The 64-year-old, who helped the under-20 team qualify for the African Youth Championships at the weekend, also argued that he had been given a mandate by the South African Football Association.
He, however, did not specify what the mandate was, and leaves with his new-look side for Sudan tomorrow.
“This [the Bafana job] is nothing new to me. I have been in this chair before, and being here again is just a compliment,” said Mashaba.
“I don’t usually buy newspapers, but I have recently started to do so because I want to see what the critics are saying, even though some make it personal. The one about me being cheap is really insulting. Show me the records of those expensive coaches and let’s see. I am the longest-serving coach in [SA] football and I was called the cheapest.”
Mashaba is unlikely to be sent packing should he fail to get Bafana to next year’s Afcon tournament in Morocco.
But he said he would not encourage a lacklustre approach to the clash against Sudan and Nigeria in Cape Town five days later.
“We are not going to this game like sheep to slaughter, but we are going to fight, even against Nigeria, a team that we can’t seem to be able to beat,” Mashaba said.

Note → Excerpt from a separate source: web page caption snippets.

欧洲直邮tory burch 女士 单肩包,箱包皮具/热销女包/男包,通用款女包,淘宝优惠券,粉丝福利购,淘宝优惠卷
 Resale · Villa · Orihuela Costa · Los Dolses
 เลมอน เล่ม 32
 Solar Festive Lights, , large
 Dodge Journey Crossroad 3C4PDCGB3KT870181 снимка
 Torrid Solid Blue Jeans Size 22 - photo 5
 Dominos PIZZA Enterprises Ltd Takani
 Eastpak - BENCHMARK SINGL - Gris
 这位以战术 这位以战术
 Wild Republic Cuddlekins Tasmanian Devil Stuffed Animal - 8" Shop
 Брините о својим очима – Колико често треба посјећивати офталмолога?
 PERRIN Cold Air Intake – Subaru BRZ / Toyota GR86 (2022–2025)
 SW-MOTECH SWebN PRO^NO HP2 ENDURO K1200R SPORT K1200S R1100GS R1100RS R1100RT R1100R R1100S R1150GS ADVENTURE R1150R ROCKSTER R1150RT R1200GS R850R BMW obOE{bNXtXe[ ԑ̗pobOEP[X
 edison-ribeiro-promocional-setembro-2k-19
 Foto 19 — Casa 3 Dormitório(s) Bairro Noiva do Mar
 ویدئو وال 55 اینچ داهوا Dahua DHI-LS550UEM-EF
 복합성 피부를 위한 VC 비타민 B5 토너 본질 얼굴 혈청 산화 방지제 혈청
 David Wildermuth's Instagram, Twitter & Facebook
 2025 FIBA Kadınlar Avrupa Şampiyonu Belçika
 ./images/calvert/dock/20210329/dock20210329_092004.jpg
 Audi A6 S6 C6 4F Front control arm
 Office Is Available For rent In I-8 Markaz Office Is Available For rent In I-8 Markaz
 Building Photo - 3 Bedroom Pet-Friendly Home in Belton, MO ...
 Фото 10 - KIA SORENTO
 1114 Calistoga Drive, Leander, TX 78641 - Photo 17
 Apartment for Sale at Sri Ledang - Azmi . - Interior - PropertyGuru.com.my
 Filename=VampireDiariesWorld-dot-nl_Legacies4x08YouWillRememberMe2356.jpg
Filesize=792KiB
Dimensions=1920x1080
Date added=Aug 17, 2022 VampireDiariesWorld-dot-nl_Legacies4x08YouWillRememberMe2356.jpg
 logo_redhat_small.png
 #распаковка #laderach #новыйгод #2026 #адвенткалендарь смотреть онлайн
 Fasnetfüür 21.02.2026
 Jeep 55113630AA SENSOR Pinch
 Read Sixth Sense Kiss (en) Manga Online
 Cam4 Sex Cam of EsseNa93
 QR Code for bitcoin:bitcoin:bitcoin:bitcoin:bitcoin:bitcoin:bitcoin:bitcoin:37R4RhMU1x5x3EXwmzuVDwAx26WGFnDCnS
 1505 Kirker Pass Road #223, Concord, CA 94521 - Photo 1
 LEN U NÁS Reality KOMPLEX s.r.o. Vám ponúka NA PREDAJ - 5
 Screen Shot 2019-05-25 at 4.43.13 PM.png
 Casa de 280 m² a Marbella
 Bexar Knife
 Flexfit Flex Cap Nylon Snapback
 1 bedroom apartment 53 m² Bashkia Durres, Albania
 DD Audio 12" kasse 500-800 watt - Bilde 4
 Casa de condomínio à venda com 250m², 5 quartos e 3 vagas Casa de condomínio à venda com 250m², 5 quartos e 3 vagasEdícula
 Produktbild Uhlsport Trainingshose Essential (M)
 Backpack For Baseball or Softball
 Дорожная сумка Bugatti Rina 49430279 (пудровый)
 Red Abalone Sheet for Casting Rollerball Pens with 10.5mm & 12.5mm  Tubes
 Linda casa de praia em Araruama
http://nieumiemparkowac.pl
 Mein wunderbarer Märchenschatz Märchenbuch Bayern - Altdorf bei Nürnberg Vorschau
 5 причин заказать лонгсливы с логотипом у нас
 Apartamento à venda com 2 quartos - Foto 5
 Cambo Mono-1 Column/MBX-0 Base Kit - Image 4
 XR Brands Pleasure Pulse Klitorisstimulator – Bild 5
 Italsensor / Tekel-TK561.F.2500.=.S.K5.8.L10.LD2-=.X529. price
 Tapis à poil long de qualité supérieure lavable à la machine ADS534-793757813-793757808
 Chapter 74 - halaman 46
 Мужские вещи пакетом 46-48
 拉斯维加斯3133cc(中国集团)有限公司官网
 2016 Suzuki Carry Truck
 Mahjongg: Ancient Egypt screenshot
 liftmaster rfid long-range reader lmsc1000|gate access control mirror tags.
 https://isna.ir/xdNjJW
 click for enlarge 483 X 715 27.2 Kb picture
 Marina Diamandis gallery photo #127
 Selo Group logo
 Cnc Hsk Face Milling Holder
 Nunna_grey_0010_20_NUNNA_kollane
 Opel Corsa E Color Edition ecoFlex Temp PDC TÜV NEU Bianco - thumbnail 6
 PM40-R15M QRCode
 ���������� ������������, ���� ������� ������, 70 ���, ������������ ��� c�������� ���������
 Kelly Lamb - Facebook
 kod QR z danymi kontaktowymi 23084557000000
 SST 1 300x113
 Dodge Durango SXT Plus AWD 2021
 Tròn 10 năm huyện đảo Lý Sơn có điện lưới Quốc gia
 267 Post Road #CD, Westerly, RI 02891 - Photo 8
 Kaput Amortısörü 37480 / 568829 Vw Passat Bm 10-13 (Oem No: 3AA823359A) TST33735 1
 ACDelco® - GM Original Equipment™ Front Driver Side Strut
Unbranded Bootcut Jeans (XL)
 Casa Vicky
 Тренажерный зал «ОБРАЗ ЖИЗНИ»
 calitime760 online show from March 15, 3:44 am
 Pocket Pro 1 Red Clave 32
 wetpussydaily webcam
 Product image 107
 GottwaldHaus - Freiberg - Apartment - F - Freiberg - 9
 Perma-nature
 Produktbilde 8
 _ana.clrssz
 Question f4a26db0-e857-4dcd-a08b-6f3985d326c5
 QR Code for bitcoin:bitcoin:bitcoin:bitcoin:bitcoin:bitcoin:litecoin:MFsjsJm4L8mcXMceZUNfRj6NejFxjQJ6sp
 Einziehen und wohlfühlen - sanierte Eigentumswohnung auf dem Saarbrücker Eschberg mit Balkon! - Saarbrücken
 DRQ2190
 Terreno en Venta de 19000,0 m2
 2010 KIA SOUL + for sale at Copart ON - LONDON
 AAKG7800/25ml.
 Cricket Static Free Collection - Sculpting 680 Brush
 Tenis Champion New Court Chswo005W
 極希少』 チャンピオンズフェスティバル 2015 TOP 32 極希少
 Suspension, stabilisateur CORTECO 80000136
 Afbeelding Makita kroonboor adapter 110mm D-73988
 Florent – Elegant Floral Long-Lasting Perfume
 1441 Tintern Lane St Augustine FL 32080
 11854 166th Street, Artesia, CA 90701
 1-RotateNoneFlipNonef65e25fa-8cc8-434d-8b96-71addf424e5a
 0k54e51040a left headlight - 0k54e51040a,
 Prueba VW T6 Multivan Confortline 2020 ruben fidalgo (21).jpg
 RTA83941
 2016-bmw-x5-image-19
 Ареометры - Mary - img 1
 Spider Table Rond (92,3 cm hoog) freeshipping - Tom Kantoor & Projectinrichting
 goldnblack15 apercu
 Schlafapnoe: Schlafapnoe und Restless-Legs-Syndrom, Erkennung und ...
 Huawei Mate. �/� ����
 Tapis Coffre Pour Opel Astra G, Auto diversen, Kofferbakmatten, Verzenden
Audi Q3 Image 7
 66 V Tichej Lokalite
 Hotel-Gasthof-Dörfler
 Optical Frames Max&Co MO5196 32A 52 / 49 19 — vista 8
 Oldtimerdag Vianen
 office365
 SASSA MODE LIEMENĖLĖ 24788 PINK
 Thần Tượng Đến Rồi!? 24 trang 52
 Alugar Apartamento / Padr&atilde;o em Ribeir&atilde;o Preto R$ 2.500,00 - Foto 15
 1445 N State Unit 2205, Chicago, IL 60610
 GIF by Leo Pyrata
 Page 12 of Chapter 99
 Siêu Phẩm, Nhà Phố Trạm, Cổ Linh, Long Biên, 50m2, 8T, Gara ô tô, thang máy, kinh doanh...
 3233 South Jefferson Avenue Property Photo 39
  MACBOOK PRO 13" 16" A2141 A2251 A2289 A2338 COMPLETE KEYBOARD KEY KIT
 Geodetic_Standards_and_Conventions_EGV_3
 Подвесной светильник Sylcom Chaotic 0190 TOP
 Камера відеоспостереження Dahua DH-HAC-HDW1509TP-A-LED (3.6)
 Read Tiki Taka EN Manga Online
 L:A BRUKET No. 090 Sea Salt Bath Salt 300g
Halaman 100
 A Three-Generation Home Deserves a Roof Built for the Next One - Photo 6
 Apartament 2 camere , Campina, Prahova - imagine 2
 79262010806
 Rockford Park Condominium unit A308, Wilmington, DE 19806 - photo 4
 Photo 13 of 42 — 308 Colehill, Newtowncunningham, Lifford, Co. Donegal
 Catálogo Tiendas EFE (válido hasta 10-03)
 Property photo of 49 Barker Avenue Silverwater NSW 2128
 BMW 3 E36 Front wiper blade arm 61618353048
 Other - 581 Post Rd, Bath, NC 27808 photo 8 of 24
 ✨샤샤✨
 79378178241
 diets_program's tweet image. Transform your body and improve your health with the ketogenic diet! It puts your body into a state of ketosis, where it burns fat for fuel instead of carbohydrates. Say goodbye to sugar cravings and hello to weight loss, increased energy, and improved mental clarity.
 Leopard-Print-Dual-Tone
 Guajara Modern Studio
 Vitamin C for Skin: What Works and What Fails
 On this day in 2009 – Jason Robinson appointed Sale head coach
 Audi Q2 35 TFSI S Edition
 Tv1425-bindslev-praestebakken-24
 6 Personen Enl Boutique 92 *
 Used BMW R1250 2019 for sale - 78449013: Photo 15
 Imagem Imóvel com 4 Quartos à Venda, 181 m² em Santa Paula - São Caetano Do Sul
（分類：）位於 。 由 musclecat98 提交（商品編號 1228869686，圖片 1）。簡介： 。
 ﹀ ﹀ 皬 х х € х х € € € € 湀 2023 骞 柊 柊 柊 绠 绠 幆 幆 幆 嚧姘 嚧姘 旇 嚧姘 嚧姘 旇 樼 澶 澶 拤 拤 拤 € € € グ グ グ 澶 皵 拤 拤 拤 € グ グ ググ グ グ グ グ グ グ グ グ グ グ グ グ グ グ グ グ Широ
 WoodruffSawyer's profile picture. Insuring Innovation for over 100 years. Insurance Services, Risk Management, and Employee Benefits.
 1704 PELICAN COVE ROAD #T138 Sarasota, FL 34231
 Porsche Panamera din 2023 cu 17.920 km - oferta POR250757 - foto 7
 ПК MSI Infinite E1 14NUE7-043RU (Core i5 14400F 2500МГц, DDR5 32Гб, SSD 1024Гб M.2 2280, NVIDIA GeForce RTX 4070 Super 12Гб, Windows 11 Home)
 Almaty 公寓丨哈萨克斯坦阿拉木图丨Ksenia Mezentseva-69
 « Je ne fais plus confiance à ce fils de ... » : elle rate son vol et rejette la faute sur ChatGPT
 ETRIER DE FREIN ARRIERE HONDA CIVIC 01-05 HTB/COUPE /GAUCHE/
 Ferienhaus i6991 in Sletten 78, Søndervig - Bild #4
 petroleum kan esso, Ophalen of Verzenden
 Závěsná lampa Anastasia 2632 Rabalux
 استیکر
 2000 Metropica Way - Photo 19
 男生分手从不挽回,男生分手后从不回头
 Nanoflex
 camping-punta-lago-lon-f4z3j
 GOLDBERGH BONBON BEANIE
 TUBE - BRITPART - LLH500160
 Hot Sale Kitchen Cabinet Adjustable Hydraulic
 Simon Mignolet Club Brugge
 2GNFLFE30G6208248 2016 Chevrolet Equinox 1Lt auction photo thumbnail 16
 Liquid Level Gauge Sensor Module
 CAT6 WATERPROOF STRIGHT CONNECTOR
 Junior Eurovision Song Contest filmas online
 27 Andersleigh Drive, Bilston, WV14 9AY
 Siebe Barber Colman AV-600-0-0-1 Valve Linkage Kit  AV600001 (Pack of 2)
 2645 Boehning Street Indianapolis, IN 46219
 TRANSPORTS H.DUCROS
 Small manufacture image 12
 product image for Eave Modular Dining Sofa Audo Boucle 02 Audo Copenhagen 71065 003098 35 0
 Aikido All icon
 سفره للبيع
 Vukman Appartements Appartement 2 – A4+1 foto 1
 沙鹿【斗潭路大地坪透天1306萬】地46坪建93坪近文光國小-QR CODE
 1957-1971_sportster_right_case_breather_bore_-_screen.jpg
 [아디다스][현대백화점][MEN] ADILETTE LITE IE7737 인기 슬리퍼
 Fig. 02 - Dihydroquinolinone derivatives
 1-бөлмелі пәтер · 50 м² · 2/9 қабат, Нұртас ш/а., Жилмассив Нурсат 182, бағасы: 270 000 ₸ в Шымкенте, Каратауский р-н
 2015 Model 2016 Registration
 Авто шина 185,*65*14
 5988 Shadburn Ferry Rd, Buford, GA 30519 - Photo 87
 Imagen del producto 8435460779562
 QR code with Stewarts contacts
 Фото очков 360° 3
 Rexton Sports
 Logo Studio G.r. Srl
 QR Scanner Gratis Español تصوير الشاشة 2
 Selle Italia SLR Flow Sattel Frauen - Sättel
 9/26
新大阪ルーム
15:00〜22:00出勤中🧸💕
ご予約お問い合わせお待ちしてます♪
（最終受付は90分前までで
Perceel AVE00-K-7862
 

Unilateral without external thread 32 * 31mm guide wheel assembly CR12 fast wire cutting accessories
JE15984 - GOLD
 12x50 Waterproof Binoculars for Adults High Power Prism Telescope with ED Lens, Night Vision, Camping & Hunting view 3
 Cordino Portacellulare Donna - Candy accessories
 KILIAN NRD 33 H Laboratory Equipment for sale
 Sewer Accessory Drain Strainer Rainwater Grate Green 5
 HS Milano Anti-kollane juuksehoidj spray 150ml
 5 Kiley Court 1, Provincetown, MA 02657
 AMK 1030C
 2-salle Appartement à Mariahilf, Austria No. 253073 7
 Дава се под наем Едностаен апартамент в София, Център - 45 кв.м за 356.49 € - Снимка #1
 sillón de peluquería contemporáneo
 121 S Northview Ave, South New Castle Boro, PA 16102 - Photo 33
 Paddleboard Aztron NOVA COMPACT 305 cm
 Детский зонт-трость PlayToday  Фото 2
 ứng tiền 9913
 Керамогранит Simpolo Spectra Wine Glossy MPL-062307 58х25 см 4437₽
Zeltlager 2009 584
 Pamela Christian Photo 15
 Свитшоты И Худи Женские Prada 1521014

The coach is also playing his cards close to his chest regarding the Bafana captaincy.
Itumeleng Khune, who was appointed skipper by Mashaba’s predecessor Gordon Igesund, could be removed before the end of the week, with right back Anele Ngcongca the hot favourite.
“The captaincy is about leadership, not tossing the coin and confronting the referees. We want someone who will guide the team on and off the field and someone who will deal with the problems players have when they arise. Someone who will discuss and guide,” explained Mashaba.
Asked about the possibility of taking over from Khune, Belgium-based Ngcongca had no hesitation in his response.
“Responsibility is a challenge, but I am not scared. I’ve captained my team [Genk], but it’s up to the coach.”